WHAT IS EXPECTED.
Return each record word for word, keeping none of its pictures.

___ SOURCE DATA ___

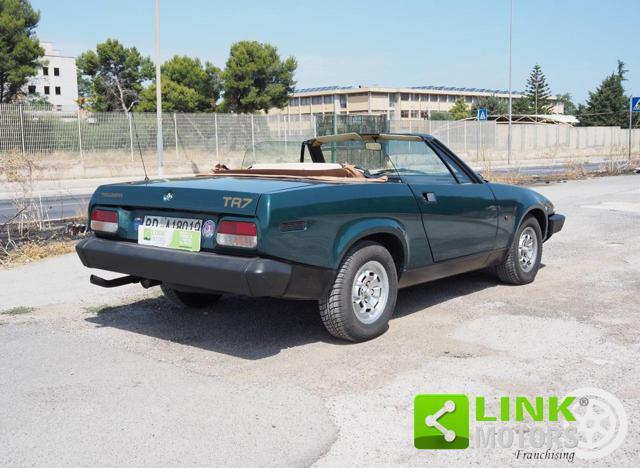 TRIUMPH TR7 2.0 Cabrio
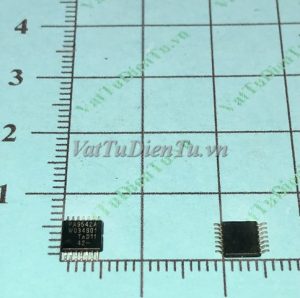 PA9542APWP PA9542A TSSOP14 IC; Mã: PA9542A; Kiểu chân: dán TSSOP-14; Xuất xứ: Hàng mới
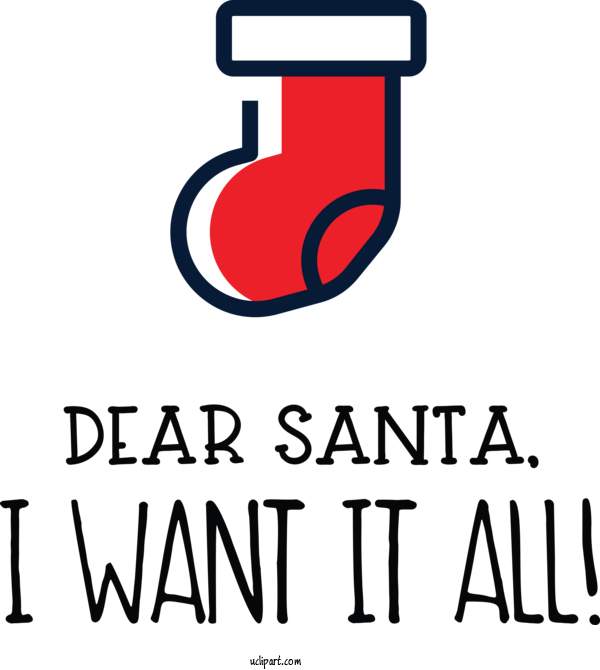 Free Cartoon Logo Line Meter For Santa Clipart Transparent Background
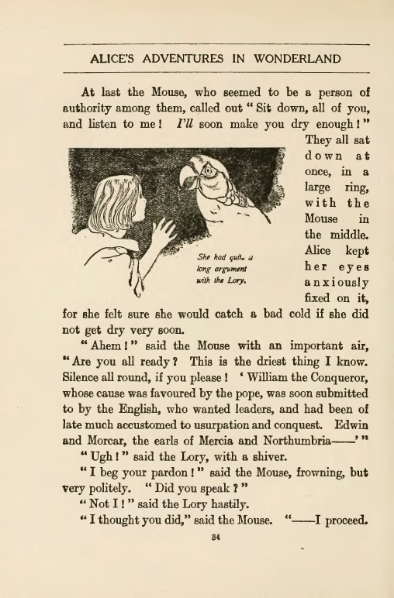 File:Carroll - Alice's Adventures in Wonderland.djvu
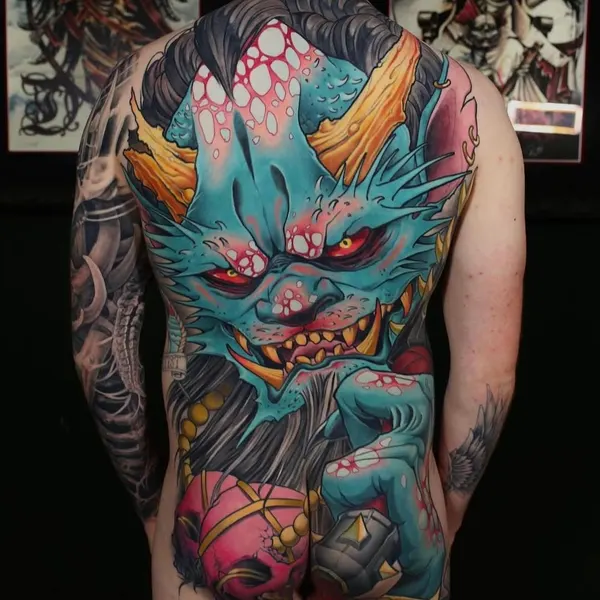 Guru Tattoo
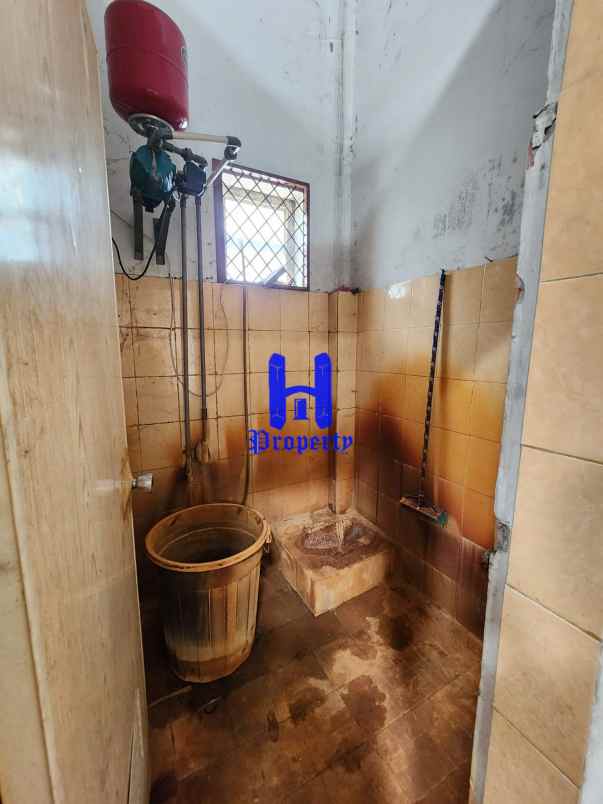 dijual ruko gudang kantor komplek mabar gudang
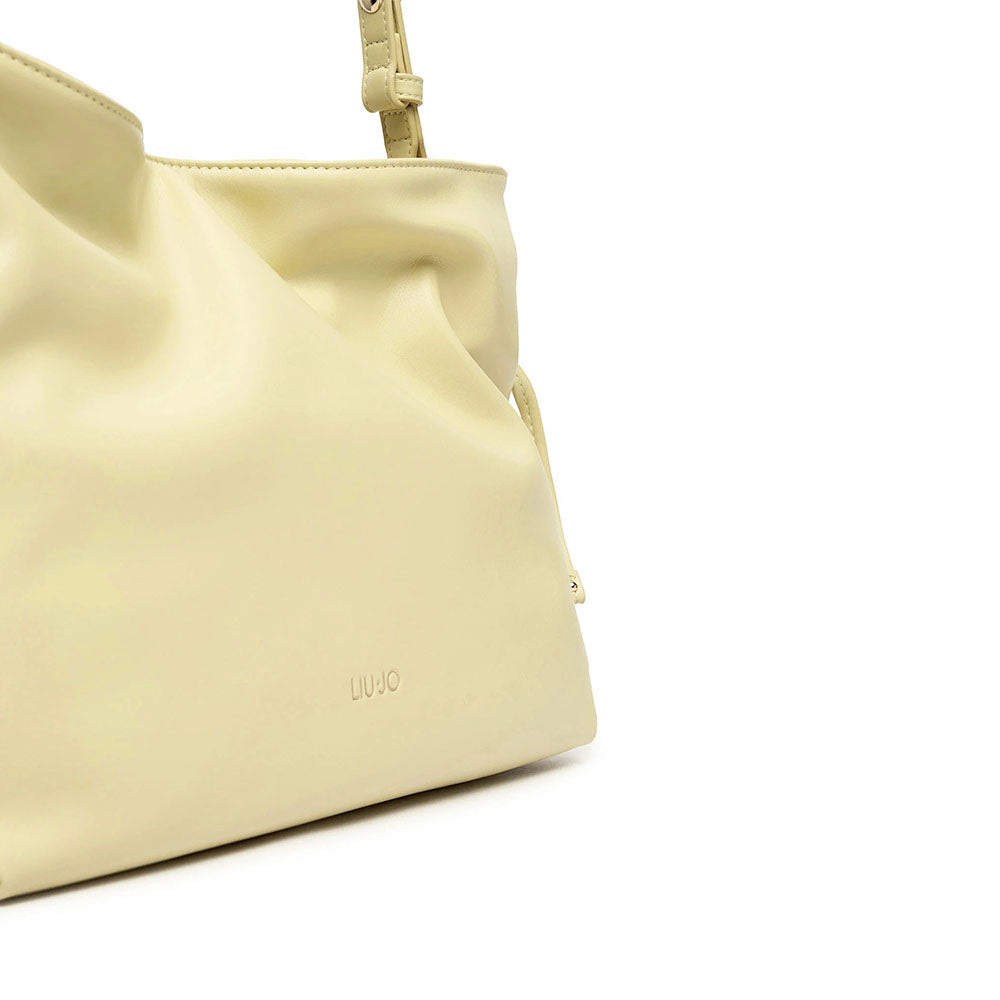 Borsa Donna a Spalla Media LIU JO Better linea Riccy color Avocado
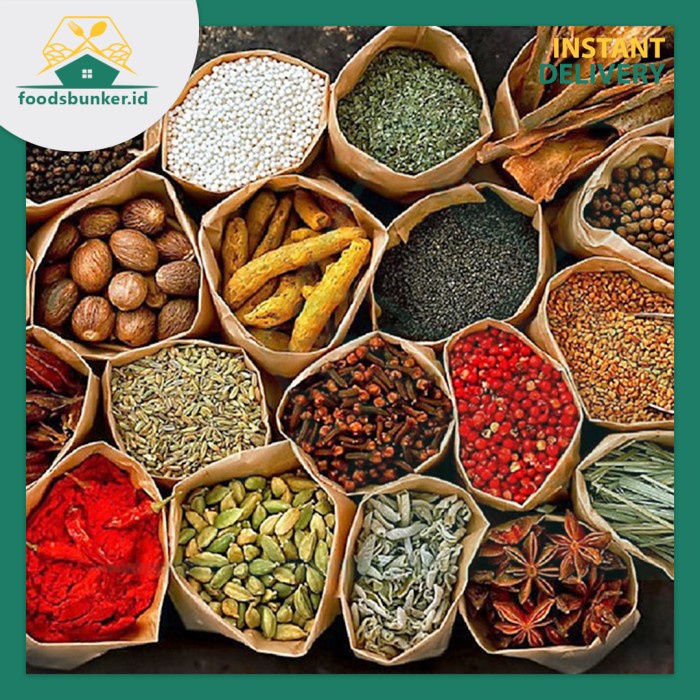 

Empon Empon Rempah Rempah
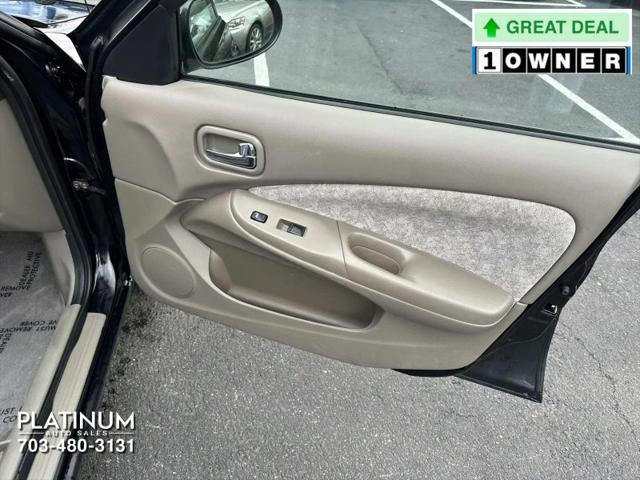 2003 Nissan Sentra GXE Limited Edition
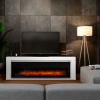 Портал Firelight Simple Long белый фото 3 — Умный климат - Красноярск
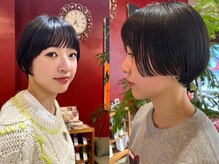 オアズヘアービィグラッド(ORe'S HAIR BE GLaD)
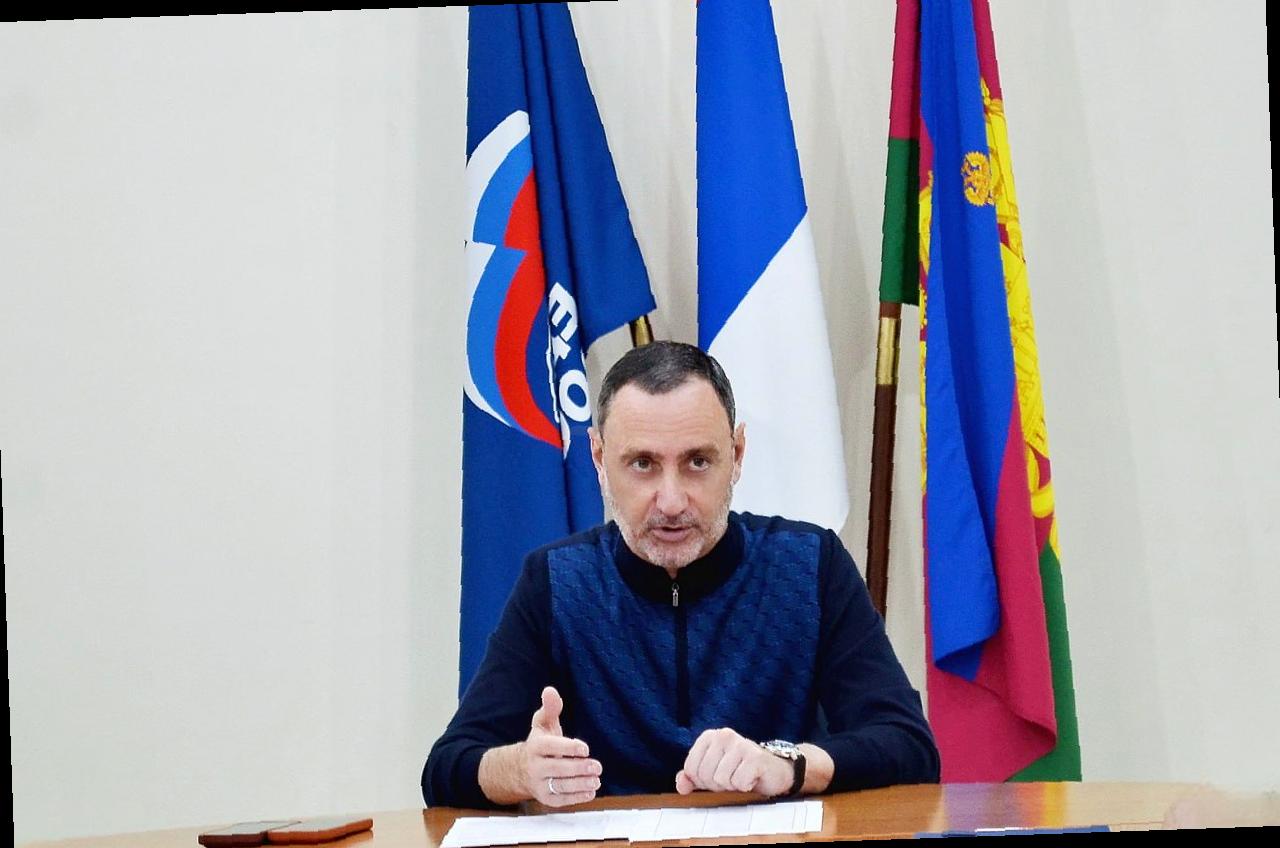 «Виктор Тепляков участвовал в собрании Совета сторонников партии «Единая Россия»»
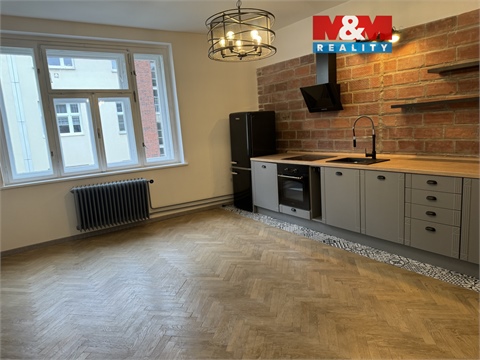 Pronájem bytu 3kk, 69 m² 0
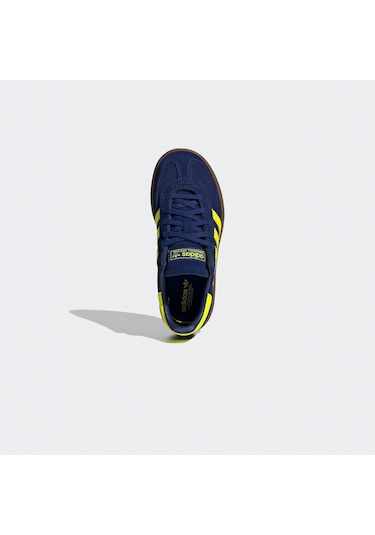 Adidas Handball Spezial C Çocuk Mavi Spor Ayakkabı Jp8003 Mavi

___

FINISHED TASK.
 TRIUMPH TR7 2.0 Cabrio
 PA9542APWP PA9542A TSSOP14 IC; Mã: PA9542A; Kiểu chân: dán TSSOP-14; Xuất xứ: Hàng mới
 Free Cartoon Logo Line Meter For Santa Clipart Transparent Background
 File:Carroll - Alice's Adventures in Wonderland.djvu
 Guru Tattoo
 dijual ruko gudang kantor komplek mabar gudang
 Borsa Donna a Spalla Media LIU JO Better linea Riccy color Avocado

Empon Empon Rempah Rempah
 2003 Nissan Sentra GXE Limited Edition
 Портал Firelight Simple Long белый фото 3 — Умный климат - Красноярск
 オアズヘアービィグラッド(ORe'S HAIR BE GLaD)
 «Виктор Тепляков участвовал в собрании Совета сторонников партии «Единая Россия»»
 Pronájem bytu 3kk, 69 m² 0
 Adidas Handball Spezial C Çocuk Mavi Spor Ayakkabı Jp8003 Mavi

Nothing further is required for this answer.